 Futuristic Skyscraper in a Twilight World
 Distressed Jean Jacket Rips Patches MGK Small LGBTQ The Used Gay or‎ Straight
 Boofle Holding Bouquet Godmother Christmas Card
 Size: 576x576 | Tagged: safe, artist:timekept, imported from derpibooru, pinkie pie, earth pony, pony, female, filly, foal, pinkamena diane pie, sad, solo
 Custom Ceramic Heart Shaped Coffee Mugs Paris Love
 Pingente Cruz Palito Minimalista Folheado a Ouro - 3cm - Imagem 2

===============

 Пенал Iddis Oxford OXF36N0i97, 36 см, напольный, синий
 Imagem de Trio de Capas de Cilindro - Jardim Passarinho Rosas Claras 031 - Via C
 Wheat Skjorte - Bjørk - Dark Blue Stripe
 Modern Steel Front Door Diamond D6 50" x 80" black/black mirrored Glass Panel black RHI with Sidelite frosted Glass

===============

#### WHAT THE EXERCISE ASKS
Search the lines above for the string "Imagem" and copy each line that has it.

#### REPLY
 Pingente Cruz Palito Minimalista Folheado a Ouro - 3cm - Imagem 2
 Imagem de Trio de Capas de Cilindro - Jardim Passarinho Rosas Claras 031 - Via C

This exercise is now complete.